I start by standing outdoors with the person and asking, “where does the sky begin?” There are a few answers I typically get, but the answer I’m looking for is “at my feet”.
Then I ask “where does the environment start?” The most common answer, given as a follow up to the first one, is “at my skin”, to which I supportively say that that’s correct, but only if your point of reference is at the edge of your skin; only if your experience of being in the world starts at the edge of your body. And, while we live in the world, on a deeper and more accurate level, we live in our experience.
Sure, you can notice the leaves swaying in the breeze, can feel that same breeze against your skin, and notice the song being sung by the nearby bird, and you can take all that in with awareness and even appreciation of the beauty of the environment. But you can also notice the flow of your breath, the sinking or rising feeling that comes over you emotionally, and the thoughts of wonder or of conviction which seem to blow in and out of your mind like the breeze. These are events that are happening, just like the wind and the birds “out there”.

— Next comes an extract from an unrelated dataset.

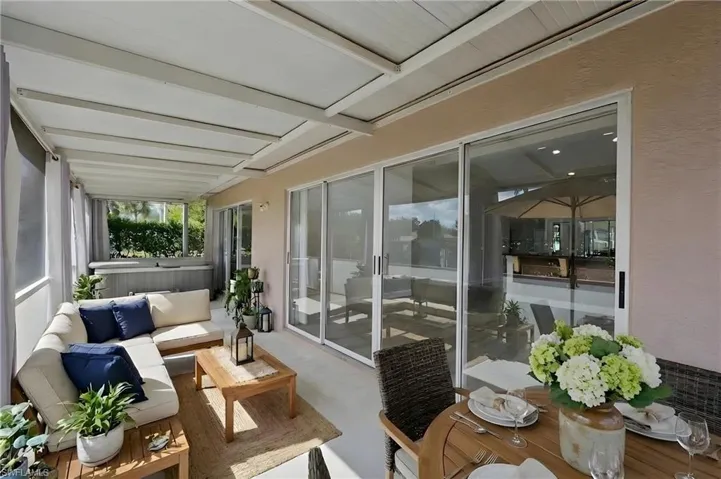 Sunroom with outdoor furniture, concrete flooring, and beam ceiling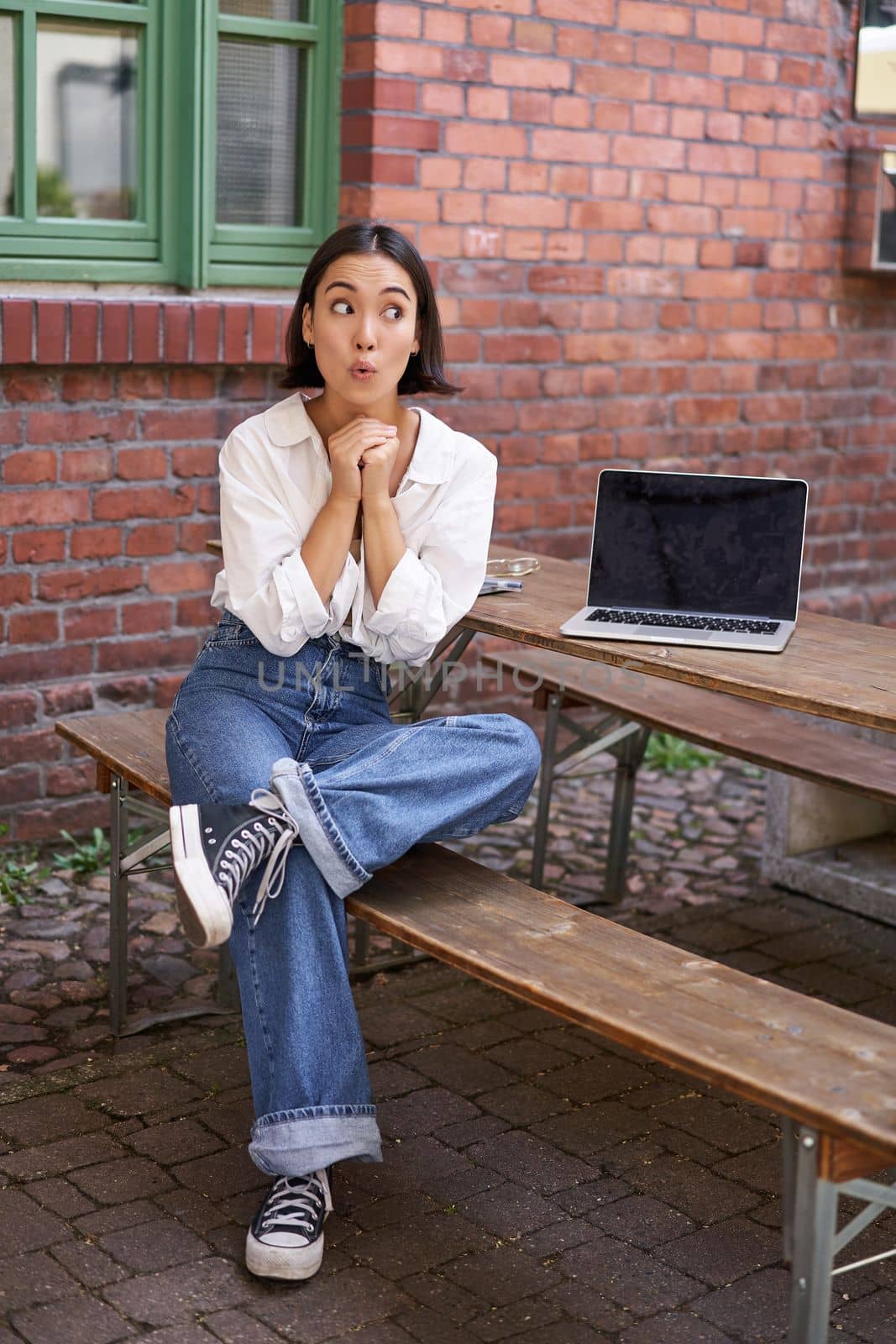 Full size portrait of asian girl sits with laptop, looks amazed and surprised and peeks at screen. Concept of people and urban lifestyle.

There are two levels of “insufficient awareness” which can keep you from being fully present to your environment. The first is to not even be aware of the elements going on in your experience. I call this being “lost to the experience”. Walking next to a building that is on fire and not noticing it, or having a surge of anger and not noticing it are examples of being lost TO the experience. In both cases, the person is out of touch with what is going on in his or her environment, regardless of which side of the skin it’s happening on.

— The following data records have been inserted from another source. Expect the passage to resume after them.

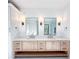 Bathroom featuring double vanity with custom mirrors and sconces at 3845 Delinger Dr, Mount Pleasant, SC 29466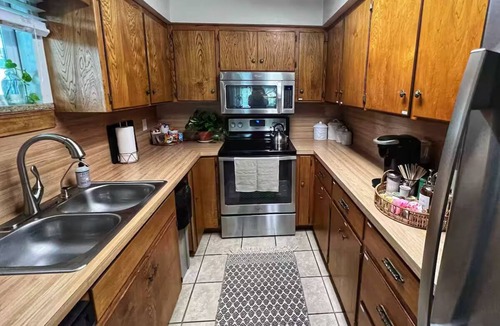 Buchanan Dam House | Shaded riverfront getaway. Dog friendly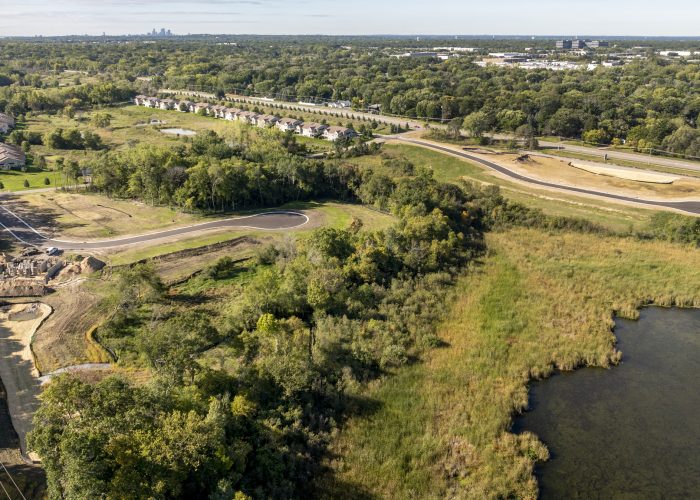 Aerial view of suburban road construction beside wooded wetlands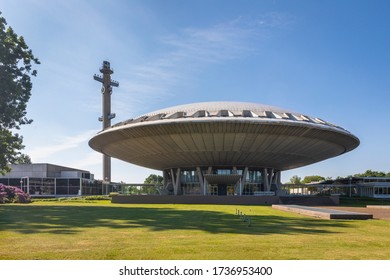 Eindhoven, The Netherlands, May 16th 2020. The evoluon, a futuristic UFO shaped building and landmark in Eindhoven city designed by Louis Kalff. Shot on a sunny day during spring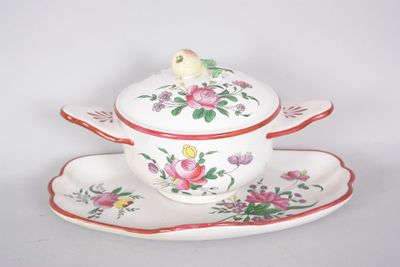 a white bowl and saucer with a bird on top of it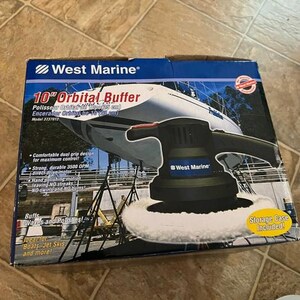 May include: A West Marine 10-inch orbital buffer in a box. The box features a picture of a boat being buffed. The buffer has a black body, a white buffing pad, and a dual grip design. The box text includes "Buffs, Waxes and Polishes!"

The second is to be aware but to over-identify with them. I call this being “lost in the experience”. Taking home a puppy being given away when you don’t have room, or indulging a surge of anger like a surfer on a wave are examples of being lost IN the experience.
But imagine you are able to notice – as it arises – the impulse to take home that puppy, or the surge of anger demanding to be indulged. If you can notice those inner elements of your experience, then your point of reference for what is happening around you is no longer at the edge of your skin but at the edge of your attention.

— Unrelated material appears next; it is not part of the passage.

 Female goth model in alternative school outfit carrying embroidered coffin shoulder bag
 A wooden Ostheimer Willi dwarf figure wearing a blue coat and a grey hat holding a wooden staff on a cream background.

Imagine noticing your thoughts, shifts of emotion, sensations – all being experienced as simply more of the stuff “out there”. The flow of your experience is… noticing the airplane in the sky, noticing the tightness in your belly, noticing the thought arising “I wonder what I’ll have for lunch”, noticing the smell of the nearby creosote bush, noticing the memory return of a rainstorm a year ago… These are all events, some of which are located out there, some located not out there.
If your point of reference, if where you locate YOURSELF, is at the point from which your attention moves from object to object, then the environment starts at the edge of your attention, not at the edge of your body.
It may be paradoxical but it’s true, that we tend to respond more objectively, effectively, and compassionately to the things we think need attention in the environment around us than to the things that happen inside us. Thus, this shift of perspective may help you treat yourself as well as you treat the world around you.
To the extent that you can allow yourself to engage with the events that unfold in your inner experience as consciously, autonomously, and either responsively or equanimously as you engage with the events that occur “out there”, you are that much more in the natural flow of life and that much more fully taking in the experience of it.
Try this: Take a handful of minutes to sit and allow yourself to notice whatever happens to come into your attention. Regardless of whether your attention is on something from inside you or from something “out there”, acknowledge each thing you notice as simply being more “stuff”. Take it slow, and do this with an awareness of the distinction between the observer and what is observed, between you and not you. Whatever is in your attention is in the environment – you are the observer and whatever is in your attention is not you. This observing “you” is the only thing NOT in the environment. If you keep up this practice over time, your skills of attention will sharpen, and more and more of this observing “you” will become part of the environment. The more “you” disappear, the more spacious your experience becomes.